The decision to buy the Chinese system also enjoys wide political support, being backed by the nationalist opposition, the Republican People’s Party (CHP), and the Nationalist Action party (MHP). A telling sign of the nationalist consensus – between secularist nationalists and Islamic conservative nationalists – is that Şükrü Elekdağ, a former Turkish ambassador to the United States and a former deputy of the CHP, expressed support for the decision of the Defense Industry Executive Committee. He called upon the AKP leaders to “resist to the end the pressures that the United States and NATO are going to apply”, and exhorted them to “never abandon the cooperation with China.” Elekdağ pointed out that the Chinese offer is superior because Turkey is offered transfer of technology and joint production. That stands in contrast to the Western countries who, as Elekdağ put it, want to ensure that Turkey remains deprived of the ability to mount another military operation independently, as it did when it invaded Cyprus in 1974, that it does not “escape their control” and finally because of “the need to ensure that no other state in the Middle East becomes more powerful than Israel in terms of air power and space technology.”

missile

CONCLUSIONS:  The Turkish decision to choose the Chinese FD-2000 anti-missile system reflects more than simple economic and military considerations; it is an expression of Turkey’s determination to forge an independent defense identity outside of the parameters of the national security paradigm that has been largely uncontested since Turkey joined the North Atlantic Treaty Organization in 1952.

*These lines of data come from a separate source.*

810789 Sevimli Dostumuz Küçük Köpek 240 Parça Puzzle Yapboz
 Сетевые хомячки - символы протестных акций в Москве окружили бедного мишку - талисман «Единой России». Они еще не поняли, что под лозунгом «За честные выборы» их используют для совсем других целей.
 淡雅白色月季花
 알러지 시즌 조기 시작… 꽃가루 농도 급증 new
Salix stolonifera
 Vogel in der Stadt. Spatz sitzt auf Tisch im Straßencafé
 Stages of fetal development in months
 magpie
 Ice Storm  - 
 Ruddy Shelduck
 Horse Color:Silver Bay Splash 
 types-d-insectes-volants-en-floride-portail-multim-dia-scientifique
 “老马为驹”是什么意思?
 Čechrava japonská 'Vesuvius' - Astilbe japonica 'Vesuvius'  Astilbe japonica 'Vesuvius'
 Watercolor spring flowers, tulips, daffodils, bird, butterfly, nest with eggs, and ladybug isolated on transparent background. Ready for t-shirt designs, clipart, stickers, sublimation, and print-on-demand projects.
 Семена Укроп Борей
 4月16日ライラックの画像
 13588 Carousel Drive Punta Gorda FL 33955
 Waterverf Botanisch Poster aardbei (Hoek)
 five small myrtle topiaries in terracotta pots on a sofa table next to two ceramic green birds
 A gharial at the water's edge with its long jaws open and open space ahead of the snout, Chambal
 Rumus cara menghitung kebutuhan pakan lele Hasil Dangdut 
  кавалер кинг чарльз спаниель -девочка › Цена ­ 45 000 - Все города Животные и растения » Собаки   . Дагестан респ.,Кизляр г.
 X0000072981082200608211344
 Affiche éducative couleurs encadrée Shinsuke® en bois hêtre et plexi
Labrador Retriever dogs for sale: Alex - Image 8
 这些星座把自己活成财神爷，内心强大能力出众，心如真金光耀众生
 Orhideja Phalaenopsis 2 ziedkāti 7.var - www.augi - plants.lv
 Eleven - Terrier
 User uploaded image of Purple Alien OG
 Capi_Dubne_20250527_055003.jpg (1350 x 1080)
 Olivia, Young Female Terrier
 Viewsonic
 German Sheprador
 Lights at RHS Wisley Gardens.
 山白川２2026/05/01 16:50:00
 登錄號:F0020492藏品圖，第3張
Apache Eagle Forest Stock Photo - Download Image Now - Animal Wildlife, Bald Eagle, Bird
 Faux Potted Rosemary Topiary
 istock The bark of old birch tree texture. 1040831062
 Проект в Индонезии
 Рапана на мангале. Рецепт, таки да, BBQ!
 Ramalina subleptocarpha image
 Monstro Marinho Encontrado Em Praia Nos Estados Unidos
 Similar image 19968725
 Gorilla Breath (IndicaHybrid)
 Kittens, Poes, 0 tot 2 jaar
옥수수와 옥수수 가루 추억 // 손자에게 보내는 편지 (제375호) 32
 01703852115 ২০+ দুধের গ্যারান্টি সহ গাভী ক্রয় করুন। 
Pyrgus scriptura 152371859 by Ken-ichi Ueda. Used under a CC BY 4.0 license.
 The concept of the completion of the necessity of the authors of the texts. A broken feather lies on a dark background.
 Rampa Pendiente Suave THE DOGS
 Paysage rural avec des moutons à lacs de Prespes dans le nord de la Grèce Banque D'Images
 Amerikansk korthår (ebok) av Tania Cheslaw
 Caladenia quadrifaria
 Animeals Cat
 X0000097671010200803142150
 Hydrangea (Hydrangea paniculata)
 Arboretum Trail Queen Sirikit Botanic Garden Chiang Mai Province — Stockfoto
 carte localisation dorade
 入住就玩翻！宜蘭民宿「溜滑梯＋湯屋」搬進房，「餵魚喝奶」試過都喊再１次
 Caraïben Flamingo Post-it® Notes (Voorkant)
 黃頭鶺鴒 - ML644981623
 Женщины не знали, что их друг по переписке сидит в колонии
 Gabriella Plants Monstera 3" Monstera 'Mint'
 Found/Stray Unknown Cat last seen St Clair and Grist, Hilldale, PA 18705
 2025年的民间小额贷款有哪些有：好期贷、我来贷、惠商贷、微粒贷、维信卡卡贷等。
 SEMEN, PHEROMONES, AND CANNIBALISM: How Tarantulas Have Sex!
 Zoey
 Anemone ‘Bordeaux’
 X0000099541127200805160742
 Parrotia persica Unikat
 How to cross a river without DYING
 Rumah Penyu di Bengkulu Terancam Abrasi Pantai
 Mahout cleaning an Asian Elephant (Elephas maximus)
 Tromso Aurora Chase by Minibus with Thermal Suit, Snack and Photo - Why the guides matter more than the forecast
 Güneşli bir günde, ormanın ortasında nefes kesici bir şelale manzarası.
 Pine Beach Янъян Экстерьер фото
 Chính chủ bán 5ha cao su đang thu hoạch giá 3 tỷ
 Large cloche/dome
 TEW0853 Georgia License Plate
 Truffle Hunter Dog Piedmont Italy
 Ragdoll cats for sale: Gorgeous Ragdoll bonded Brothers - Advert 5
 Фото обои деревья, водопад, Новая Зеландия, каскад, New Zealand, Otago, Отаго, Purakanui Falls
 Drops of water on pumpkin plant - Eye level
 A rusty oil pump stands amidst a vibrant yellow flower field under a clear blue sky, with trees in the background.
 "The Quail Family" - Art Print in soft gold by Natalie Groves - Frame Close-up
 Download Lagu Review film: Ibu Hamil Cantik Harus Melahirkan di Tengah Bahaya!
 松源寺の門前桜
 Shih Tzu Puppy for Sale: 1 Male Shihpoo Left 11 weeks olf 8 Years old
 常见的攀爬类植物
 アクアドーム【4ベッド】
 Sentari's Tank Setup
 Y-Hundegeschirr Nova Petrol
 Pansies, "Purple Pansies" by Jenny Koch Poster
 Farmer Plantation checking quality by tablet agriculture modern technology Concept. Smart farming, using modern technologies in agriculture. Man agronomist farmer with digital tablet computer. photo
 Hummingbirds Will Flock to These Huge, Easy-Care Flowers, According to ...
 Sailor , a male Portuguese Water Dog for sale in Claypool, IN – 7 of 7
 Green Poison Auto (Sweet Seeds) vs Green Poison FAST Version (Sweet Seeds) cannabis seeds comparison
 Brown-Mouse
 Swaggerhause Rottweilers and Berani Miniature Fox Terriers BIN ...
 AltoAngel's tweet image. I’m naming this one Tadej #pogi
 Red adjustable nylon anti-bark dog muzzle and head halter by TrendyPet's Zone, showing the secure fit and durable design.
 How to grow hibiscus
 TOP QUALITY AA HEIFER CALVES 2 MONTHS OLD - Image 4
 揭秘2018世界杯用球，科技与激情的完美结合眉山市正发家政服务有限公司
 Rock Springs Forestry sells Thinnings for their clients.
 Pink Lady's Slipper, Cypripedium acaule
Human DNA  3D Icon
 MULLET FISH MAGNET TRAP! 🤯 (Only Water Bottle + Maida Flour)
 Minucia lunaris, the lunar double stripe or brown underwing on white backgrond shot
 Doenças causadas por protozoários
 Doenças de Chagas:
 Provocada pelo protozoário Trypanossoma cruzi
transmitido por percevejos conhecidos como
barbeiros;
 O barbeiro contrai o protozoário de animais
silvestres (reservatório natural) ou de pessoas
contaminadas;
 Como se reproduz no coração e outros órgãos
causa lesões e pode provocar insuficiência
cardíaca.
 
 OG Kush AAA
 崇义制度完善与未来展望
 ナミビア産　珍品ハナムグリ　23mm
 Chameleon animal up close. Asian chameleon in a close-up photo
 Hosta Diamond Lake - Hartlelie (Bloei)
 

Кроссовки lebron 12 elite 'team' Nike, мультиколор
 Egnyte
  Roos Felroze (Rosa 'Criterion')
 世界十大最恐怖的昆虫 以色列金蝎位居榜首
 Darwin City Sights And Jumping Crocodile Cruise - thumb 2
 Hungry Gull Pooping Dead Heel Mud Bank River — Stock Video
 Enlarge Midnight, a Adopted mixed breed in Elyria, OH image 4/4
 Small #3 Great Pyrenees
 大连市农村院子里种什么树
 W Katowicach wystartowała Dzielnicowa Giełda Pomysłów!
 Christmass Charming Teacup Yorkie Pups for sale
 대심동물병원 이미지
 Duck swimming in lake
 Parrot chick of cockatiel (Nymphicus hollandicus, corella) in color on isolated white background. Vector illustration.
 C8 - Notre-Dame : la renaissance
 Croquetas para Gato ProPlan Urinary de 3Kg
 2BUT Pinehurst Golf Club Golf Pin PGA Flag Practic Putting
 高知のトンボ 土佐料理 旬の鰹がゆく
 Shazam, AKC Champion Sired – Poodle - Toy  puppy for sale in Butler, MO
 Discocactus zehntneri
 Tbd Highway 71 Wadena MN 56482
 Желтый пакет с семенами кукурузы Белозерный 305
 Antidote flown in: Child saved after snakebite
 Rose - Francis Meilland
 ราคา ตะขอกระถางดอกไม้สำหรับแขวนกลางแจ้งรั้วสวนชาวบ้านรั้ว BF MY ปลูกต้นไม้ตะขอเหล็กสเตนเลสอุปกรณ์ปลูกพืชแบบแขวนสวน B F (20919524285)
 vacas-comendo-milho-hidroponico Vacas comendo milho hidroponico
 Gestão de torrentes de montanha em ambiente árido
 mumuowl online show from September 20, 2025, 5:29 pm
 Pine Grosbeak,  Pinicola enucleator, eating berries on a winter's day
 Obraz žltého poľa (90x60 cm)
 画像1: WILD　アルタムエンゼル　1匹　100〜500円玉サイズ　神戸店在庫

It demonstrates the ambition of the Islamic conservative-ruled Turkey to be taken seriously as a power player in the Middle East; to that end, the AKP government is determined to acquire an independent military technological capability and it does not feel obligated to give priority to the interests of other NATO countries. But the Turkish selection of the Chinese system is also a reminder that the pursuit of an independent defense identity is an ambition that is shared by the military as well, and that the generals no longer do the bidding of the United States. Washington has lost its “boys” in Ankara, but the new rulers that it has befriended do not feel indebted to America even though they have benefited from its support.

Western policymakers who are angered by the Turkish decision to go Chinese in missile defense would do well to ask if the assumptions that have guided their policies toward Turkey during the last decade may have been flawed.

Halil M. Karaveli is Senior Fellow and Managing Editor of the Turkey Analyst at the Central Asia-Caucasus Institute & Silk Road Studies Program Joint Center. 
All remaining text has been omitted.